Campbell also works closely with Caleb Shriver, executive chef of Dutch & Co. Once a year in late winter, early spring, Shriver sits down with Tomten and discusses crops for the upcoming season. “It gives them an idea of what we want and amounts of products that we will be able to use, and it gets us brainstorming on dishes to create,” says Shriver, who uses Tomten’s poblano peppers for his almond-crusted chile relleno stuffed with duck picadillo. The poblanos are picked specifically for the dish when they are 4 to 5 inches in length.
Shriver also requests fig leaves from Tomten, which he uses one of three ways: dehydrated and made into a powder for seasoning; brined and used in place of grape or banana leaves; or steeped to make tea or flavored broths.
From left: Jo Pendergraph of ManakinTowne Specialty Growers (USDA Photo by Lance Cheung), Julie Heins of Secco Wine Bar (Photo by Ansel Olson courtesy Secco Wine Bar)
Curly Corbacis
Mung bean shoots, broccoli spigarrelli and hoja santa are just a few of the provocative items that Powhatan’s Manakintowne Specialty Growers has stayed busy cultivating for chefs in the Richmond region, including Julie Heins, executive chef of Secco Wine Bar.
“We get great suggestions of what to grow from our customers,” says Jo Pendergraph of Manakintowne. Including the sweet Italian frying pepper Jimmy Nardello, which Heins discovered in California and asked Manakintowne to grow. Or the Corbaci pepper, a long, slender pepper that sprouts in sexy spirals. The heirloom seeds for the Corbaci traveled almost 6,000 miles from Turkey to Manakintowne before ending up in the hands of Heins and on the plates of diners. Even though the pepper appears hot, it bursts with a rich, sweet flavor that Heins typically uses in seasonal specials.

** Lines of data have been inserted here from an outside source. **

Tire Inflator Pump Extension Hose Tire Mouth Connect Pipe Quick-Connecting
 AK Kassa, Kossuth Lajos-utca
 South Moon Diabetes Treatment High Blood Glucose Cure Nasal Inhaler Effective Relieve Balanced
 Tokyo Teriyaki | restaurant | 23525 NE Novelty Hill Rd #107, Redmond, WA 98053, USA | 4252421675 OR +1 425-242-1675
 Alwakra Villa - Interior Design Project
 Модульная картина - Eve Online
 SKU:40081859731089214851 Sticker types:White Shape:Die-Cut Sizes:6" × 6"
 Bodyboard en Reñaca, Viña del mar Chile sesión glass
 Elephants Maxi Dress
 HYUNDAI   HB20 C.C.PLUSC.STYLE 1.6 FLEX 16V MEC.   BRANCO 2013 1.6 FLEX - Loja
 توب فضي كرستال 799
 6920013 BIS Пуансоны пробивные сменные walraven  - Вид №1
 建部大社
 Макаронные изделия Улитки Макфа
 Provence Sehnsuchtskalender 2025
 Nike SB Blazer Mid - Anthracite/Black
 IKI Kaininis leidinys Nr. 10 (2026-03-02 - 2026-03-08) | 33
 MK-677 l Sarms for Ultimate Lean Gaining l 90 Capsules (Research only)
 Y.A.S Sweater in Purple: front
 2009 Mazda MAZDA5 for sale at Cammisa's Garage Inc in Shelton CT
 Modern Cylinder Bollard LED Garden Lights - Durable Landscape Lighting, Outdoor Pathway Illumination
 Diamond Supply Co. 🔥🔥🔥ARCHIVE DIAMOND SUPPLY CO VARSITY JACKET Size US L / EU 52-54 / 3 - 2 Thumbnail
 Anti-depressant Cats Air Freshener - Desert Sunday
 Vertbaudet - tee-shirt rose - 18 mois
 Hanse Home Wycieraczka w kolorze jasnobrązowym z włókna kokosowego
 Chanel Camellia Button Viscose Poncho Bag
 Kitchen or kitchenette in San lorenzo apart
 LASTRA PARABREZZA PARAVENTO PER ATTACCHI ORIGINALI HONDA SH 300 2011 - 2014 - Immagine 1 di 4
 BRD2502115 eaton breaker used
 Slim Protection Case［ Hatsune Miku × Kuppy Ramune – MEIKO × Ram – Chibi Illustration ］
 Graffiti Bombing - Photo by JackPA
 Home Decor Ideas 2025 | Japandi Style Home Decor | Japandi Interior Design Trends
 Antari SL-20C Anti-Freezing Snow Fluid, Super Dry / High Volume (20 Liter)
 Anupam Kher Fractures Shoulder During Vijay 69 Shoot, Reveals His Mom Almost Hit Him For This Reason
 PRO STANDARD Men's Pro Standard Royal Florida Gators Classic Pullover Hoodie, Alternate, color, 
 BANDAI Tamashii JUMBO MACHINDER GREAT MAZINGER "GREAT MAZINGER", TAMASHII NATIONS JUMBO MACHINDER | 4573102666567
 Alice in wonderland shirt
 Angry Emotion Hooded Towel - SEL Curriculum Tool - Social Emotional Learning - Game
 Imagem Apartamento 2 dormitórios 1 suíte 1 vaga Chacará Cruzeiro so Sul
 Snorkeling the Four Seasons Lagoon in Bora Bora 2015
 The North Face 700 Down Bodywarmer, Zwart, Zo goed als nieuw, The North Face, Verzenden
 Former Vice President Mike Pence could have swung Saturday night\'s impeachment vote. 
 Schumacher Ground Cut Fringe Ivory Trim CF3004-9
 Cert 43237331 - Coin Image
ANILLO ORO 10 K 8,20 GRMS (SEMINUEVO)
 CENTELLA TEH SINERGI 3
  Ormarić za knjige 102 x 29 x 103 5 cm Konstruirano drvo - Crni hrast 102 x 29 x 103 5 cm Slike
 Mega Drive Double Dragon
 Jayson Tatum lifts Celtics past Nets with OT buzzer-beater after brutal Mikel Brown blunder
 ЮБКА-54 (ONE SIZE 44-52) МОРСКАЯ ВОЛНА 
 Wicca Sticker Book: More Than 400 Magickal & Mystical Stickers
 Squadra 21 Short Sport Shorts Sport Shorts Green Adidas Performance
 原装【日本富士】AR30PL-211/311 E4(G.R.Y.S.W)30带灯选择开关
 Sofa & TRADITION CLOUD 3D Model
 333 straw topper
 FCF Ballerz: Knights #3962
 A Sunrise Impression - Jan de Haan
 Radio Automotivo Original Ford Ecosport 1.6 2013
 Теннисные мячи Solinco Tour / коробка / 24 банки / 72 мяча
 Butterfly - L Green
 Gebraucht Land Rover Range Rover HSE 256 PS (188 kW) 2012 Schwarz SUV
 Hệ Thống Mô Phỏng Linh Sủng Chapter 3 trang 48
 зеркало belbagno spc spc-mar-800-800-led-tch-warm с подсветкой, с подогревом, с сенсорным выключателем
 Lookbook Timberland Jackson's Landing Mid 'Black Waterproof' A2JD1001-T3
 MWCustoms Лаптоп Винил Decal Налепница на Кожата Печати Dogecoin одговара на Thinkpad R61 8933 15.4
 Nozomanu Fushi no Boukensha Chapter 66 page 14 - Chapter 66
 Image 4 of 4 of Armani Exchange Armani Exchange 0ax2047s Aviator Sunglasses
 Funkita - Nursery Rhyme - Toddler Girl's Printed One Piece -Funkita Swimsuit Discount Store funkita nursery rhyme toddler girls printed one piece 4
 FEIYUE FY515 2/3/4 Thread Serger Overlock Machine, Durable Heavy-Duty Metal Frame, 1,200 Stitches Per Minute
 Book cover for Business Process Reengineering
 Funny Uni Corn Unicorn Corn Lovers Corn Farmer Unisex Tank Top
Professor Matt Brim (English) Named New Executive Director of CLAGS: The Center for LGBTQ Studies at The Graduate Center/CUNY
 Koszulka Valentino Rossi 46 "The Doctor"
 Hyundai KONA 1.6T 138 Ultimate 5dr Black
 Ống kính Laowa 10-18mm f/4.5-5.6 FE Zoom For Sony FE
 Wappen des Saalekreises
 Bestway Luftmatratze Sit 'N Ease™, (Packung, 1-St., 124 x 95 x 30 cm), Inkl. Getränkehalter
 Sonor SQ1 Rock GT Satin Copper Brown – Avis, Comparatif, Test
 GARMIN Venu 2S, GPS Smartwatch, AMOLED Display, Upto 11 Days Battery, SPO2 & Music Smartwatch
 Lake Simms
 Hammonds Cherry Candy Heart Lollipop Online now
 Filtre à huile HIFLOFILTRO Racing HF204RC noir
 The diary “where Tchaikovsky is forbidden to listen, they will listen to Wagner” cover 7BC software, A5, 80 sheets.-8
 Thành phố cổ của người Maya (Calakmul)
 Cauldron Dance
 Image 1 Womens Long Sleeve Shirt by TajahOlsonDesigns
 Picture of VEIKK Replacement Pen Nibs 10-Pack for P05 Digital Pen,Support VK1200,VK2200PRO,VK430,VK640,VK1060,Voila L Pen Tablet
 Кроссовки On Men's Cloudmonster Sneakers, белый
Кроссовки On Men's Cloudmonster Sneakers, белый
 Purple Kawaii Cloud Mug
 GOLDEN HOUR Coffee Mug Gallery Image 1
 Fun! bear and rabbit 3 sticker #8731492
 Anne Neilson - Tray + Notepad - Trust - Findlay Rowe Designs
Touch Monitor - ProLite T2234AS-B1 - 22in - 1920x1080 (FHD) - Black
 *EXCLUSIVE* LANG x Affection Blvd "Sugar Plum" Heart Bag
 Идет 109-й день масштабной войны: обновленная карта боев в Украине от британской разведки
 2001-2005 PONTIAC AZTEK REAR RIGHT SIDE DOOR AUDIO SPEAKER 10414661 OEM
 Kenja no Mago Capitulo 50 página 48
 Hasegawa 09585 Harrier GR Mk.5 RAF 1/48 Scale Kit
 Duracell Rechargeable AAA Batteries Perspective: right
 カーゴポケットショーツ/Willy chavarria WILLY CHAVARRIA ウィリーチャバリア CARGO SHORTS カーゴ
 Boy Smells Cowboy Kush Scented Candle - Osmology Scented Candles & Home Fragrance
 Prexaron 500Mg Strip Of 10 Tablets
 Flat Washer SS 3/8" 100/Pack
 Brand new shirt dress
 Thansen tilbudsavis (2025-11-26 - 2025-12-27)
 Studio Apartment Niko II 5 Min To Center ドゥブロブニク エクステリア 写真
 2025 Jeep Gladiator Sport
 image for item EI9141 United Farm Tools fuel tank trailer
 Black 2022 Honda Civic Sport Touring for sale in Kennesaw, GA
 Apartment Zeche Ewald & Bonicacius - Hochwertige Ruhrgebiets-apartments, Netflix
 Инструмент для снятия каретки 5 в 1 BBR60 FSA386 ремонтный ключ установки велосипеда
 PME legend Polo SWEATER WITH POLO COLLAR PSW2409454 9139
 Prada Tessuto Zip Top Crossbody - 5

“To add something random to what [Manakintowne already grows] is just a testament to what type of people they are,” Heins says.
From left: Dominic Carpin of Delli Carpini Farm (Photo by Jay Paul), David Crabtree-Logan of The Broken Tulip (Photo by Justin Chesney)
British Roasties
Dominic Carpin of delli Carpini Farm, a 12-acre farm in Beaverdam specializing in rare leafy greens and rare colorful potatoes, is a quirky one-man-show farmer. He works closely with David Crabtree-Logan at The Broken Tulip Social Eatery to incorporate items into their changing menu.
“David at Broken Tulip has been more of the type to exchange and collaborate with me,” Carpin says. “He’s actually very knowledgeable.”
Crabtree-Logan introduced Carpini to a variety of potatoes he’d never heard of — the Highland Red and Golden Jersey, typically grown in the U.K. — and Carpin got to growing them.
The Broken Tulip also requests items from Carpin’s foraging adventures, such as elderflower and black raspberries.
From left: Clay Trainum of Autumn Olive Farms (Photo by Galdones Photography courtesy Autumn Olive Farm), Joe Sparatta of Heritage (Photo by Ash Daniel)
A Hybrid Pig
If you know Joe Sparatta of Heritage, you know he takes charcuterie pretty damn seriously. And if you know Clay Trainum, founder of Autumn Olive Farms, you know he’s the man to see about a pig.
“We worked together to find a product that was specific for my kitchen and purpose,” Sparatta says.
Pictures were sent, pig logistics were discussed, fat content was assessed, and three years went by.
The end result was the Berkabaw, a mix between a Berkshire, a juicy, black-and-white pig heavily marbled with fat, and an Ossabaw, a Spanish pig packed with fatty acids and oleic acid, which is also found in olives.
“Nobody in the world has ever done that,” Trainum says. “It was a pig developed based on direct input from chefs.”